* [Exercise data]
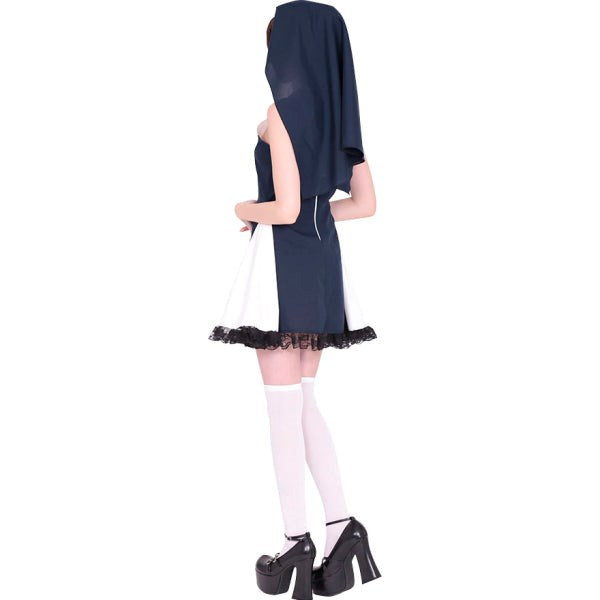 Black Frilled Lace Slutty Nun Costume With Habit - - Fancy Dress Ups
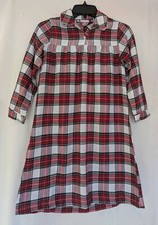 Pottery Barn Kids Girls Sz 8 Holiday Christmas Morgan Plaid Flannel Nightgown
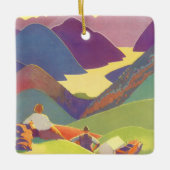  familievakantie, picknick in de bergen keramisch ornament (Voorkant)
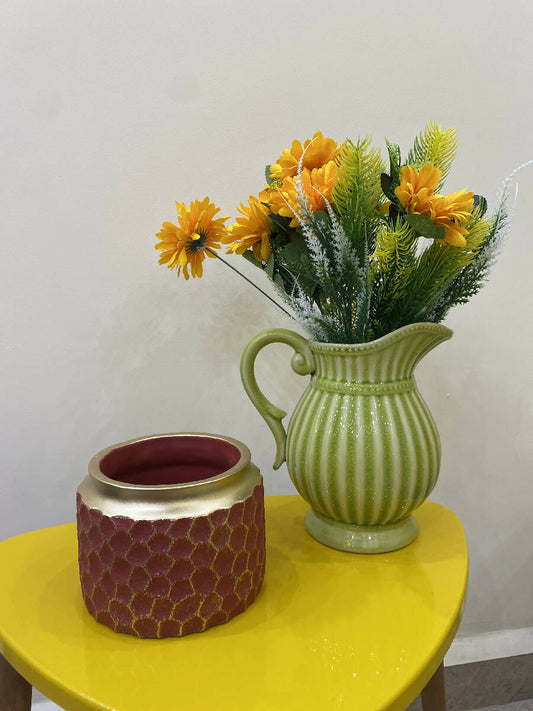 Massa Flowers Pottery Vase, Very Heavy Quality, Length: 16cm, Diameter: 13cm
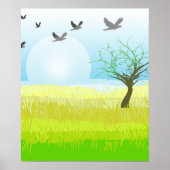 Eenvoudige groene zon die Savanna plaatst Poster (Voorkant)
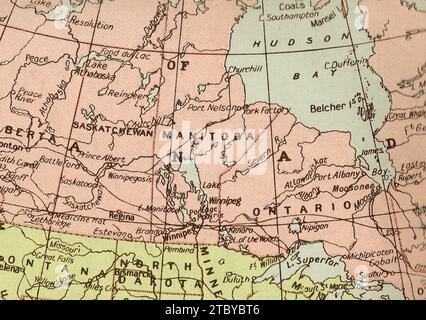 A vintage/antique political map in sepia showing Canada and Hudson Bay. Stock Photo
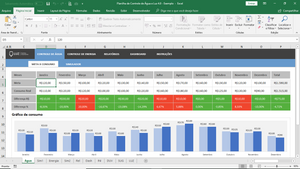 Planilha de Controle de Água e LUZ em Excel 4.0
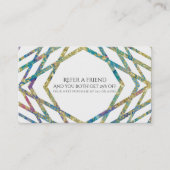 Geometrische glam kleuren & goud chique Verwijs ee Aanbevelingskaartje (Voorkant)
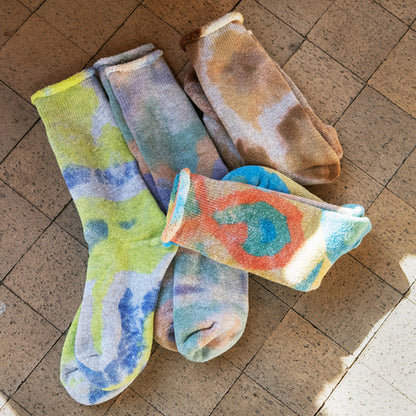 RoToTo Tie Dye Pile Socks Orange / Light Blue / Light Yellow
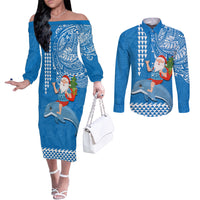 Hawaii Mele Kalikimaka Couples Matching Off The Shoulder Long Sleeve Dress and Long Sleeve Button Shirt Santa Riding The DolPhin Mix Kakau Pattern Blue Style LT03 Blue - Polynesian Pride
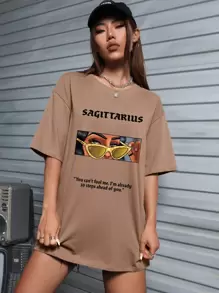 Ashley Baxter Áo phông oversize hở vai họa tiết hình ảnh và khẩu hiệu nghệ sĩ, dành cho mùa hè, ngày lễ, kỳ nghỉ, lễ hội - Màu nâu  Mocha - Xem 1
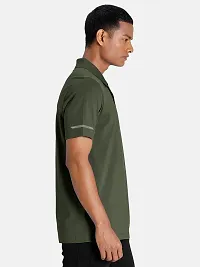 Rad prix Men Basic Green Polyester Polo Collared T-Shirt-thumb2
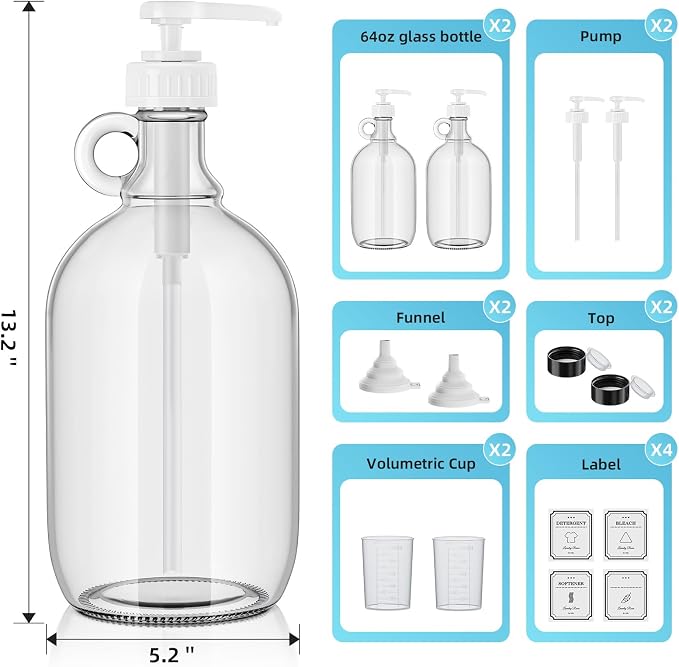 Laundry Detergent Dispenser,64oz Fabric Softener Dispenser,Glass Liquid Laundry Detergent Container,Laundry Detergent Organizer for Laundry Room Organization with 4 Labels,2 Pack - Image 2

* [Problem statement] Exactly as they stand, the entries must be written out again, pictures excluded.

* [Task output]
 Black Frilled Lace Slutty Nun Costume With Habit - - Fancy Dress Ups
 Pottery Barn Kids Girls Sz 8 Holiday Christmas Morgan Plaid Flannel Nightgown
  familievakantie, picknick in de bergen keramisch ornament (Voorkant)
 Massa Flowers Pottery Vase, Very Heavy Quality, Length: 16cm, Diameter: 13cm
 Eenvoudige groene zon die Savanna plaatst Poster (Voorkant)
 A vintage/antique political map in sepia showing Canada and Hudson Bay. Stock Photo
 Planilha de Controle de Água e LUZ em Excel 4.0
 Geometrische glam kleuren & goud chique Verwijs ee Aanbevelingskaartje (Voorkant)
 RoToTo Tie Dye Pile Socks Orange / Light Blue / Light Yellow
 Hawaii Mele Kalikimaka Couples Matching Off The Shoulder Long Sleeve Dress and Long Sleeve Button Shirt Santa Riding The DolPhin Mix Kakau Pattern Blue Style LT03 Blue - Polynesian Pride
 Ashley Baxter Áo phông oversize hở vai họa tiết hình ảnh và khẩu hiệu nghệ sĩ, dành cho mùa hè, ngày lễ, kỳ nghỉ, lễ hội - Màu nâu  Mocha - Xem 1
 Rad prix Men Basic Green Polyester Polo Collared T-Shirt-thumb2
 Laundry Detergent Dispenser,64oz Fabric Softener Dispenser,Glass Liquid Laundry Detergent Container,Laundry Detergent Organizer for Laundry Room Organization with 4 Labels,2 Pack - Image 2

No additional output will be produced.